Sanayiye teslim etmek derken öyle böyle değil, bazı parselleri, dönüm dönüm tarlaları sanayiye ve fabrika binalarına teslim ederken, kalan tarlaları da, o fabrikalardan akan zehirli sular ile sulayarak bütün insanlığa zarar vermiyor muyuz.
İmar barışı kapsamında da Bursa ovasında mantar gibi büyüyen seçim kondu evler de bu yok oluşu adeda perçinlemiş oldu.
Geçtiğimiz gün Gazete ABC'yi ziyarete gelen bir köylü beyefendi, Anadolu ve İslam kültürünün en güzel örneklerinden birisi olan hediyeleşme duygusu ile, bize bahçesinden topladığı şeftalileri getirdi sağolsun, yüreğine sağlık Allah razı olsun.

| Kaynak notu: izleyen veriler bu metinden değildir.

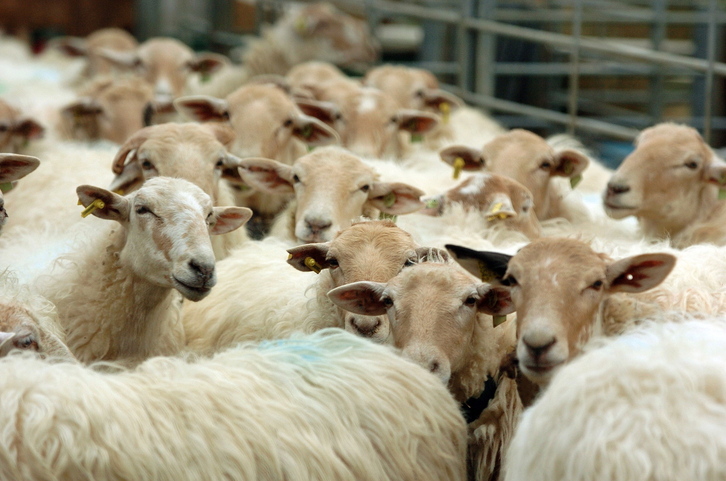 Beizamako Arreta baserriko artaldea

Tam o sırada Gazeteci İbrahim Erdoğan geldi oturduk birlikte hoş sohbet ederken, İbrahim Erdoğan'a şeftali dilimle de yiyelim başkanım dedim.
O'da sağolsun kırmadı. Fakat baktım şeftaliyi soymaya başladı.
Soymadna gerek yok dedim.
İbrahim Erdoğan" soymadan yiyemeyiz, eski şeftaliler değil bunlar ilaçlar çok tehlikeli" dedi.
Bu cevap beni oldukça düşündürdü doğrusu.
BURSA YA ŞEFTALİSİNDEN VAZGEÇMELİ, YADA SANAYİLEŞMEYİ OVADAN UZAKLAŞTIRMALI.
Birazda sizleri düşündürmesi dileği ile kalın sağlıcakla.